SACRAMENTO (CN) - Chief Justice Tani Cantil-Sakauye couldn't have made it any clearer Monday in her speech to the Legislature: "I am afraid California is on the wrong side of history when it comes to its funding of justice."

Without some restoration of funding for the courts, Cantil-Sakauye warned, more Californians will be cut off from justice.

Cantil-Sakauye's annual State of the Judiciary address came one week short of the 50th anniversary of the U.S. Supreme Court's Gideon v. Wainwright ruling, which guaranteed poor criminal defendants the right to be represented by counsel.

"It has continuing relevance today because the case speaks to us about fairness and about the importance of the courts and what is necessary to have meaningful access to justice," the chief justice said.

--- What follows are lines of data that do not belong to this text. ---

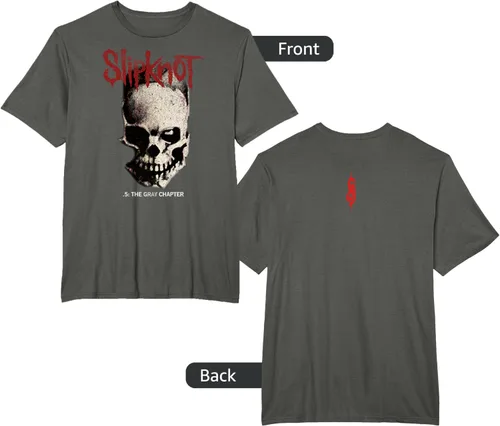Vista 17 de Slipknot Tribal Calavera playera, niños 12, Rojo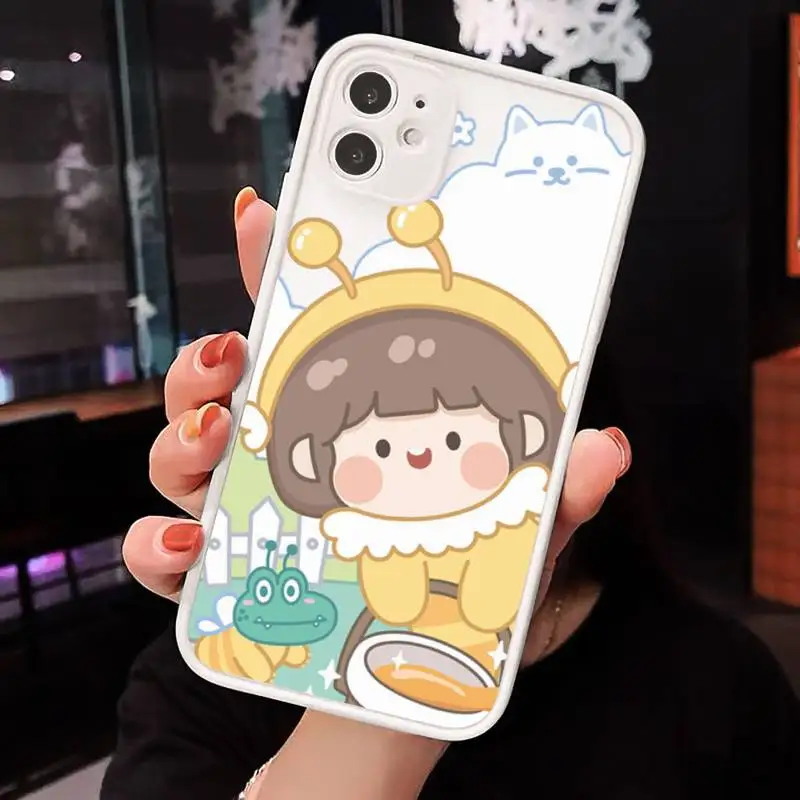 Cute painting cartoon Phone Case Matte Transparent for iPhone 7 8 11 12 s mini pro X XS XR MAX Plus cover funda
Cute painting cartoon Phone Case Matte Transparent for iPhone 7 8 11 12 s mini pro X XS XR MAX Plus cover funda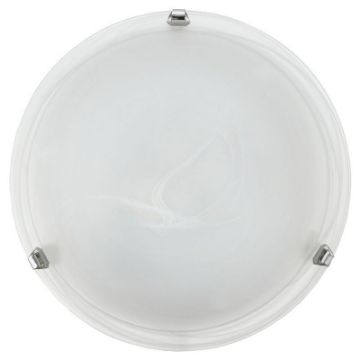 Plafoniera bucatarie Eglo Salome White 7186 sticla alabastru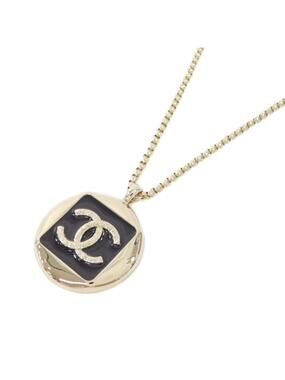 Chanel Pendant Necklace Metal Black And #346963C15B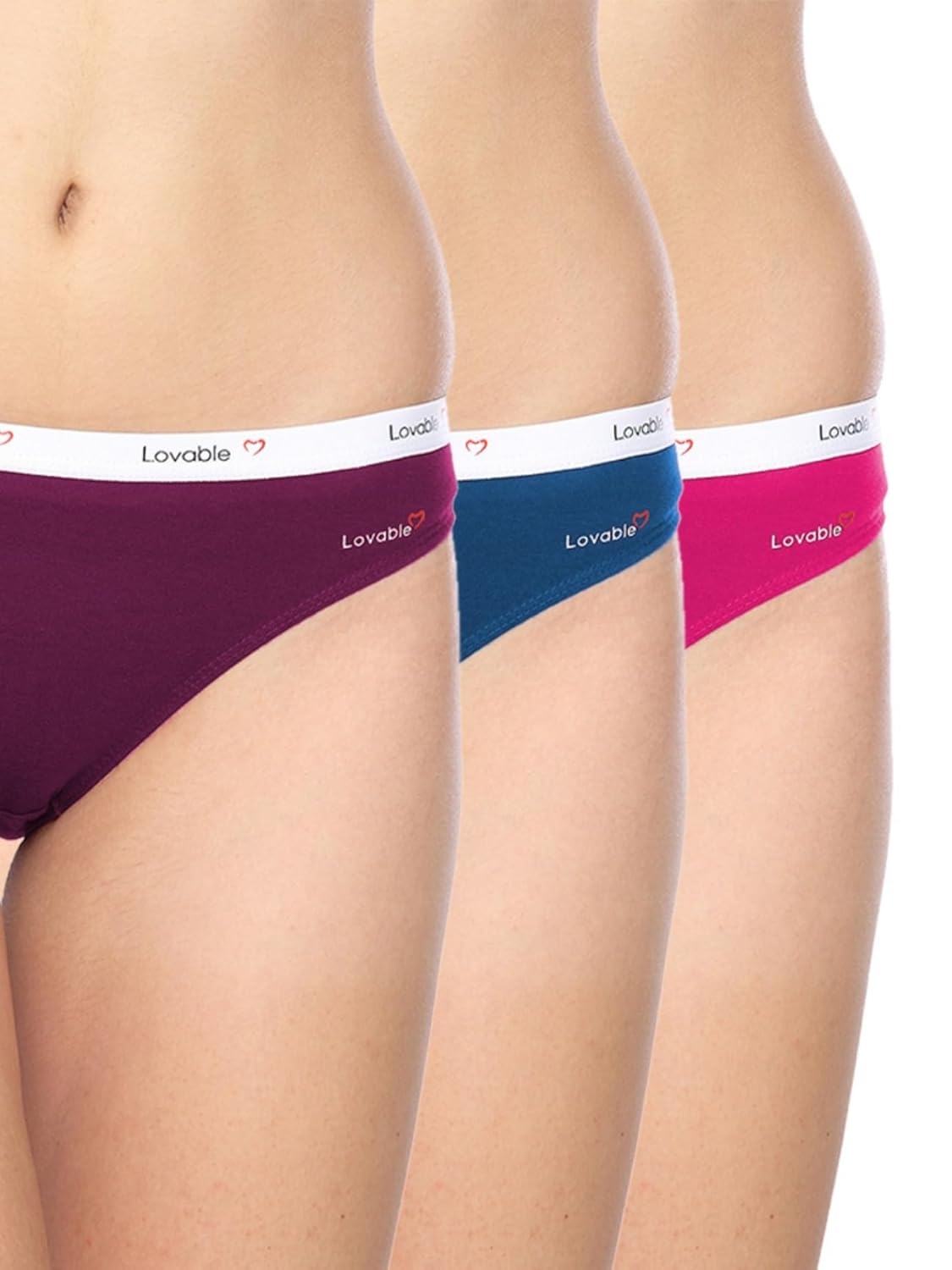 Lovable Women’s Solid Super Combed Cotton Mid Waist Hipster Panties – Regular Fit Full Coverage – Actual Colors May Vary (Assorted Pack 3) – CTN Dailies Bikini Lovable Women’s Solid Super Combed Cotton Mid Waist Hipster Panties – Regular Fit Full Coverage – Actual Colors May Vary (Assorted Pack 3) – CTN Dailies Bikini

"To have your day in court, you need a courtroom. But what we once counted on, that courts would be open, available and ready to dispense prompt justice, is no longer true. Our judicial branch budget has been cut greater and deeper than any other court in the United States."

Cantil-Sakauye expressed a concern shared by many of the state's trial judges: that courts will have to be self-financed through prohibitively expensive filing fees and increased fines.

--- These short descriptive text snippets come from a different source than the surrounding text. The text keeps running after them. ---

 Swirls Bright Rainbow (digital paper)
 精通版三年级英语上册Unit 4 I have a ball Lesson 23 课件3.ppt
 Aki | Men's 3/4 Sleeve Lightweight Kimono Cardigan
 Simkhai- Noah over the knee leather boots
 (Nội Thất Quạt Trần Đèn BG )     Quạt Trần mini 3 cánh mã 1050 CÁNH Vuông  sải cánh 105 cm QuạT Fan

"All of us worry that the judicial branch may become a user-fee institution and that the ever-increasing fines and penalties are falling on those least able to afford it," she said.

While she touched on the judicial branch's dire financial circumstances last year in her inaugural address, this year the tone was also hopeful, as Cantil-Sakauye laid out her plans for reforming the judiciary's staff agency, the Administrative Office of the Courts. She offered a progress report on those reforms, which many judges believe have not been fully achieved.

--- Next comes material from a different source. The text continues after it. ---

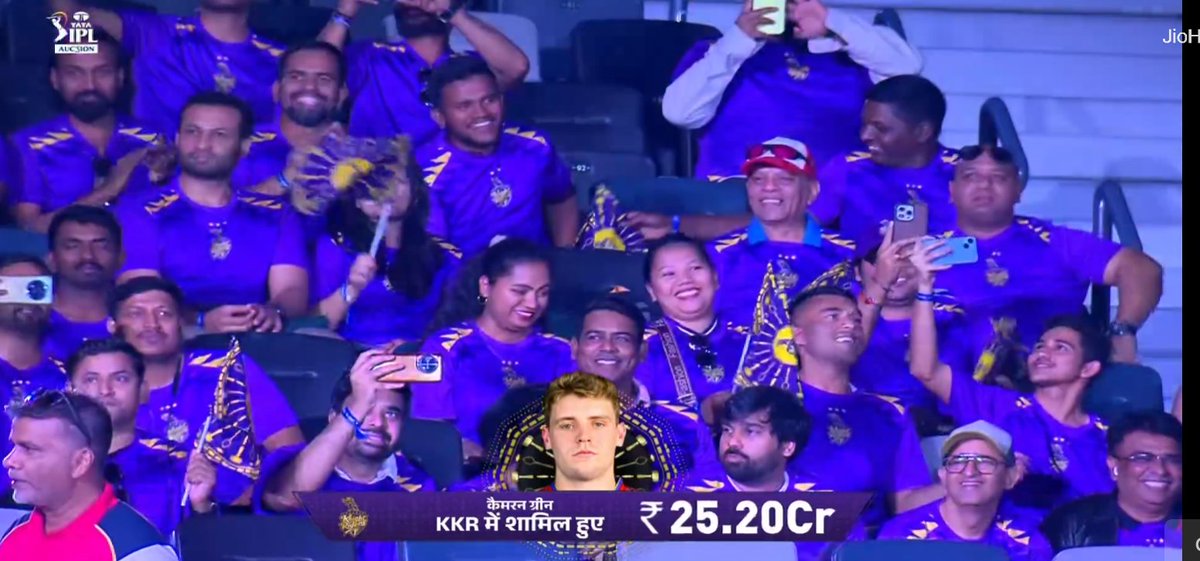 mayankxsingh_'s tweet photo. GREEN BECOMES KNIGHT RIDER IN 25.2 CRORES
#IPL2026Auction https://t.co/bQoIoFE3wi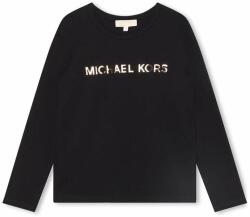Michael Kors longsleeve copii culoarea negru, cu imprimeu 9BYX-BUK023_99X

Cantil-Sakauye said the Judicial Council is implementing the more than 100 recommendations made by the Strategic Evaluation Committee of judges she appointed last year to investigate the AOC, and touted the opening of previously closed Judicial Council meetings to the public.

"As I stand before you as Chief Justice of California, it would be unsuitable for me to advocate for branch funding if I didn't look within our own house and find out ways that we could improve and be better," she said. "And I have.

"But I want to say that no amount of efficiencies that we can implement will ever make up for a billion-dollar cut. We will never have a fully functioning judiciary when we are receiving one penny for every dollar of the general fund."

Cantil-Sakauye added: "However, the judicial branch is structurally 16 years old, and like any adolescent, it needs a check-in."

She plugged a new technology task force headed by many of the same judges and court officials who were behind the Court Case Management System, a statewide computer system that came to a screeching halt last spring, after nearly a decade of work and hundreds of millions of dollars.

The project was widely criticized as too expensive, its technology unwieldy and dysfunctional and its management bungled by bureaucrats.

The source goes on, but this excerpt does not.